= Abortion in Gibraltar =

Abortion in Gibraltar is allowed up to 12 weeks if the woman's mental or physical health is at risk. Gibraltar also allows abortion later if the woman's life is at risk, to prevent "grave permanent" mental or physical injury, or there is a fatal fetal abnormality.

Until 2021, the British Overseas Territory of Gibraltar had the strictest prohibition on abortion in Europe. Under Section 16 of the 2011 Crime Act, it stated that abortion in Gibraltar was punishable by life imprisonment including anyone assisting in the abortion. However, nobody was convicted of this crime in modern times.
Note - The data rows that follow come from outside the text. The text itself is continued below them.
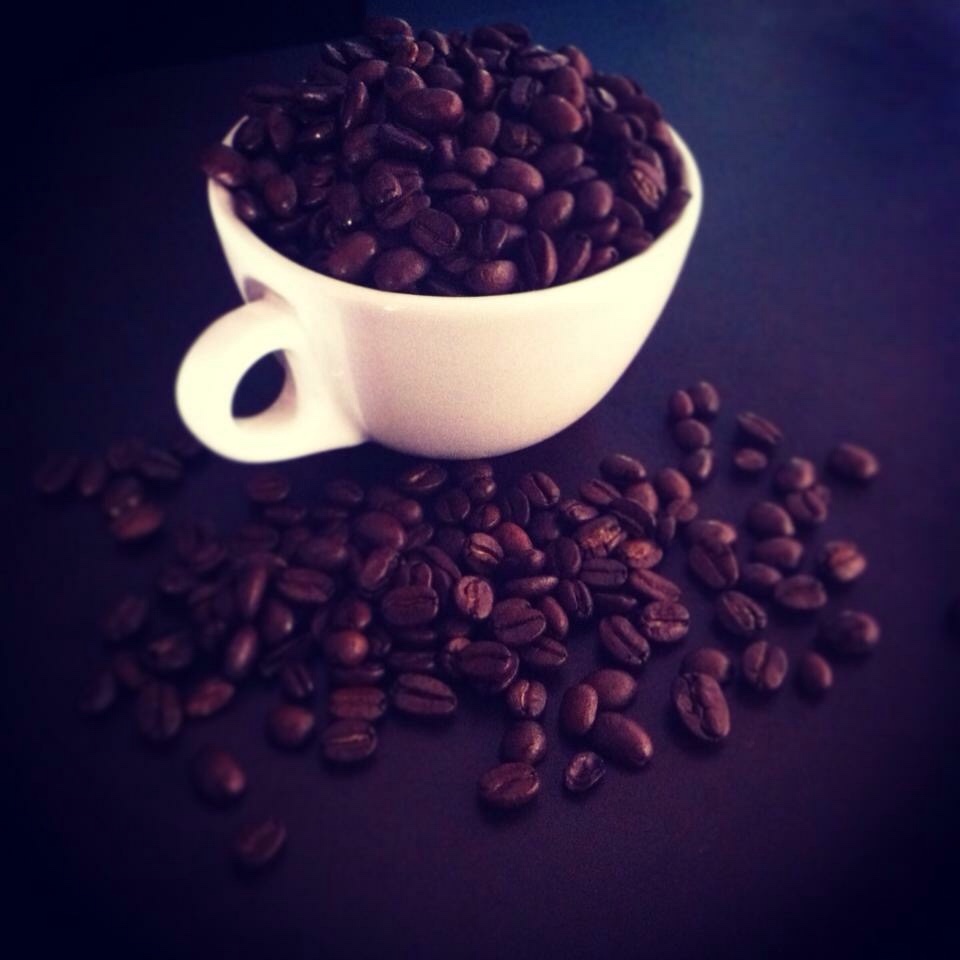 Drupa's Coffee image 10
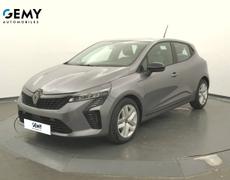 Renault Clio 5 Chambray-lès-Tours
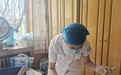 从“治病”到“守护” 国常会部署医疗康复护理扩容提升工程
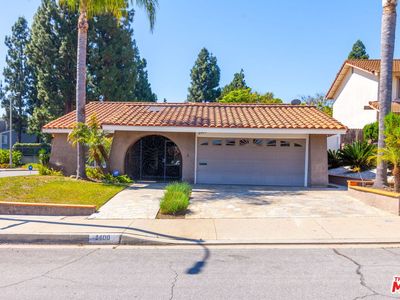 1400 Caddington Dr, Rancho Palos Verdes, CA, 90275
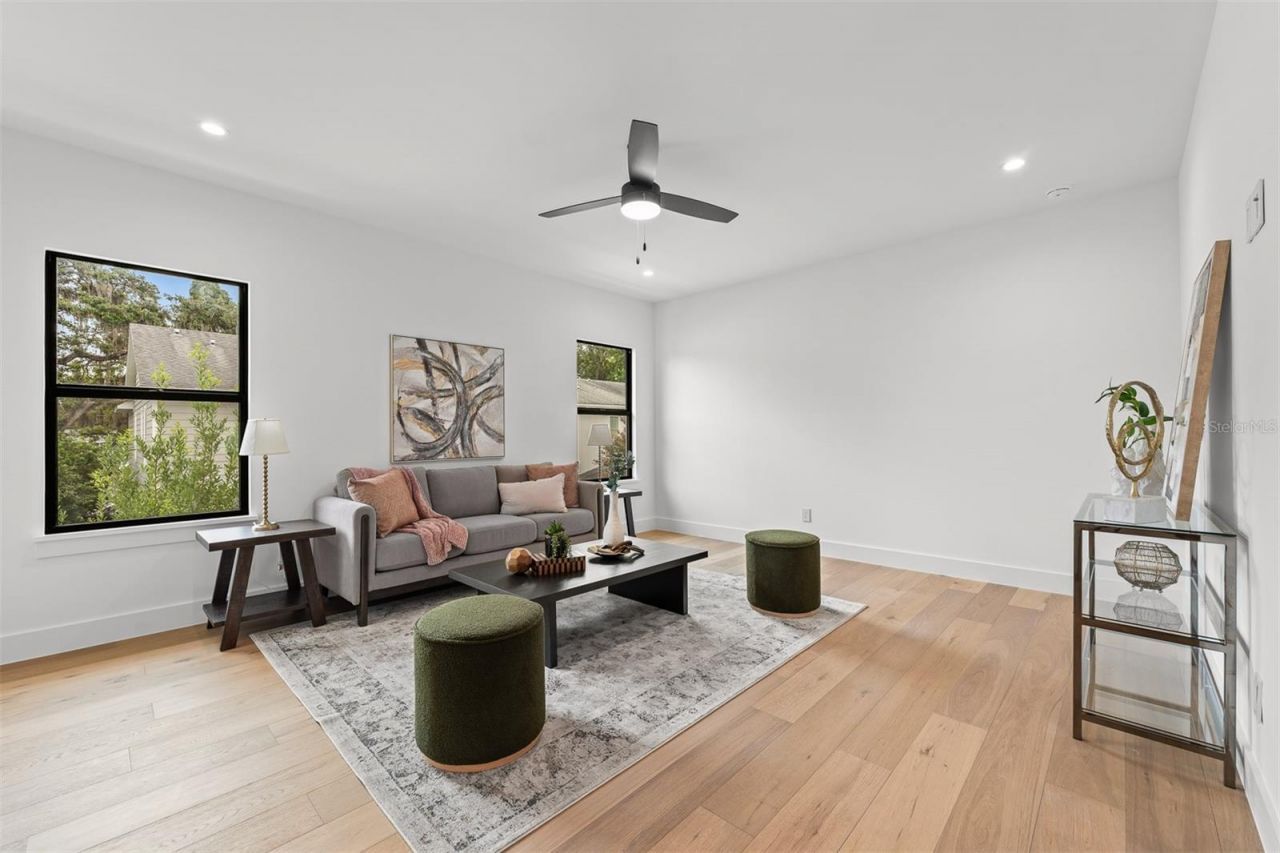 10 W Harvard Street, Orlando, FL 32804 Photo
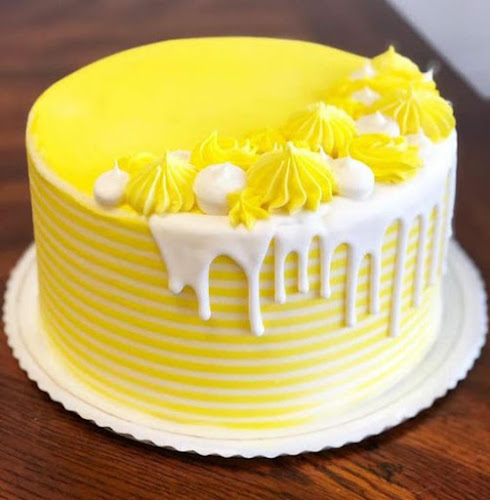 AL WAFA AUTOMATIC BAKERY, br1 - Hospitality and gastronomy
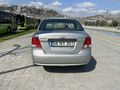 Sahibinden Chevrolet Kalos 1.4 SE 2005 Model 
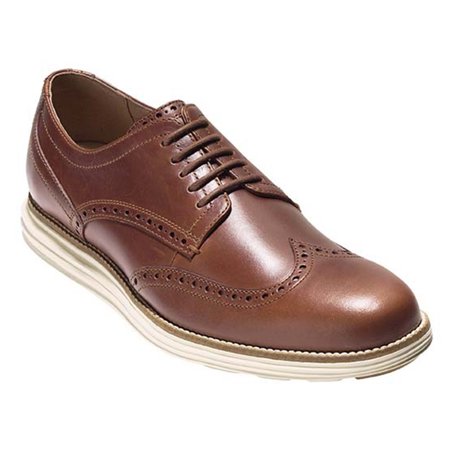 cole haan wayne wingtip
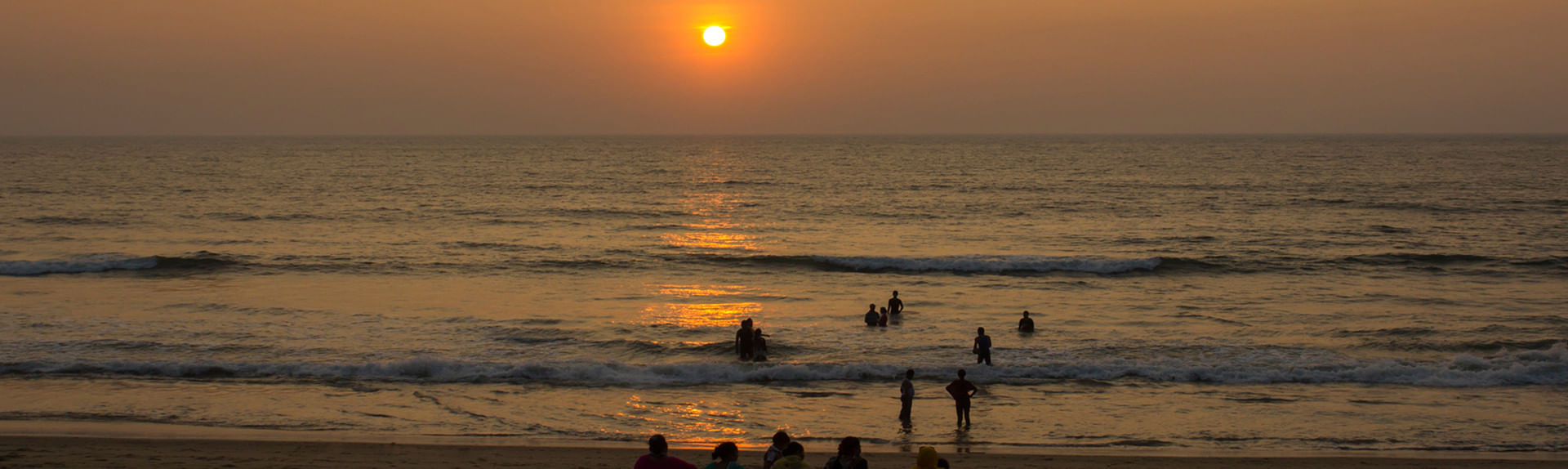 Goa Tour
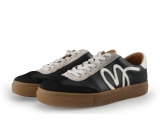 Manfield Sneakers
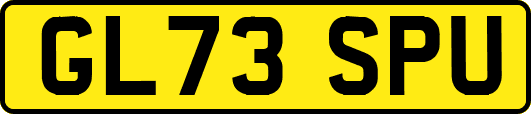 GL73SPU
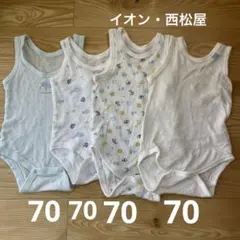 Item thumbnail for item 69ca89ba-9e56-4b18-8e1e-41ac768779ab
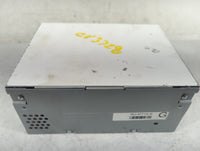 2020 Ford Mustang Radio AM FM Cd Player Receiver Replacement P/N:LR3T-18D832-EG RU-9771S-B, RU-9771, 276-1961-76 Fits OEM Us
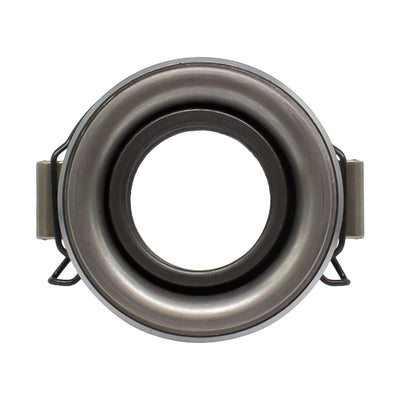 ACT 2006 Scion tC Release Bearing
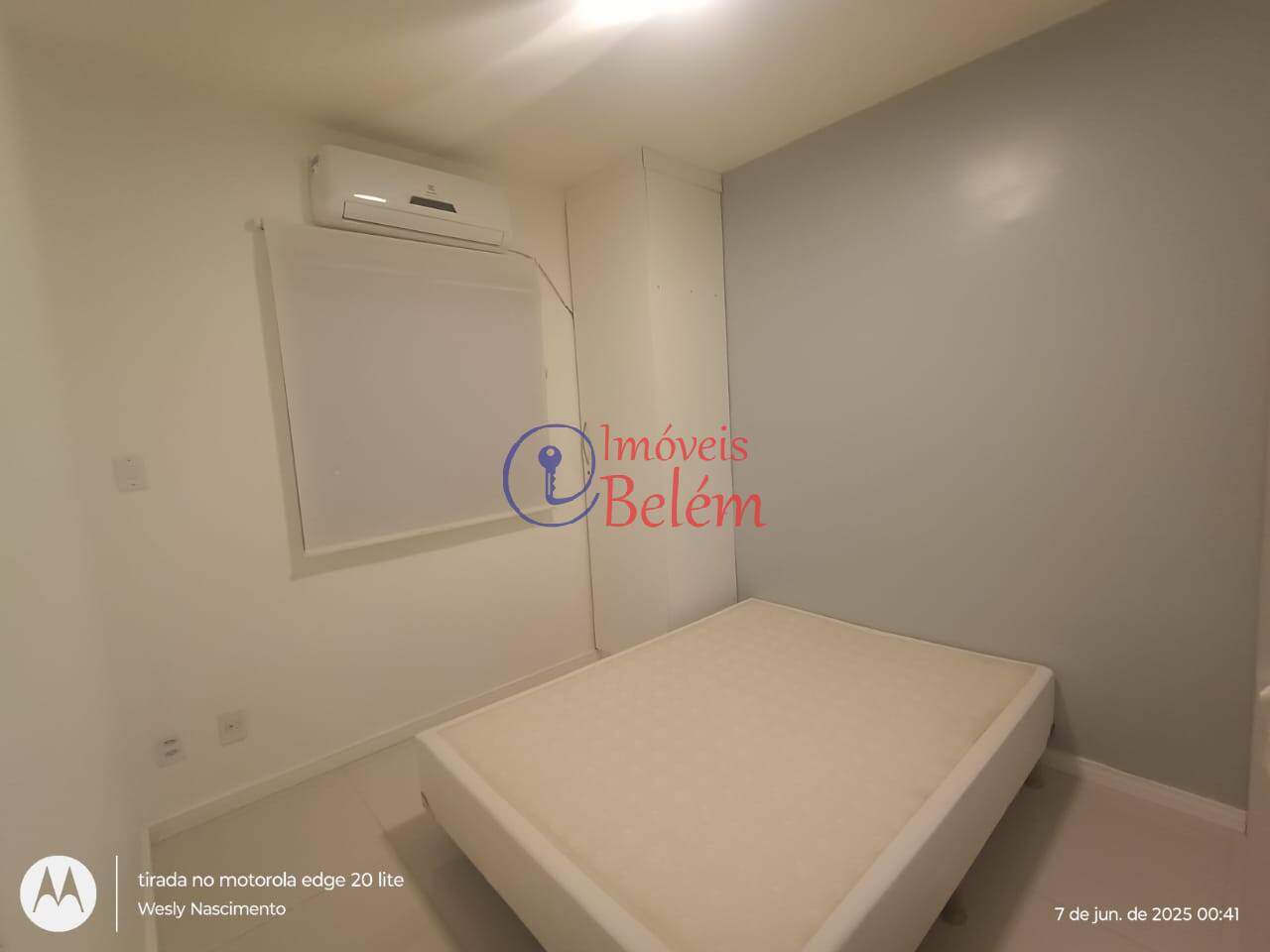 Apartamento para alugar com 2 quartos, 54m² - Foto 10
In 2021, the 2021 Gibraltar abortion referendum was held, asking the populace whether to legalise abortion via ratification of the Crimes (Amendment) Act 2019. It won the approval of 63% of voters. Under the new law, there are four conditions under which abortions are legalised:

a	that the pregnancy has not exceeded its twelfth week and that the continuance of the pregnancy would involve risk, greater than if the pregnancy were terminated, of injury to the physical or mental health of the pregnant woman; or
(b)	that the termination is necessary to prevent grave permanent injury to the physical or mental health of the pregnant woman; or

(c)	that the continuance of the pregnancy would involve risk to the life of the pregnant woman, greater than if the pregnancy were terminated; or
(d)	that there is a substantial risk that the foetus is suffering from a fatal foetal abnormality.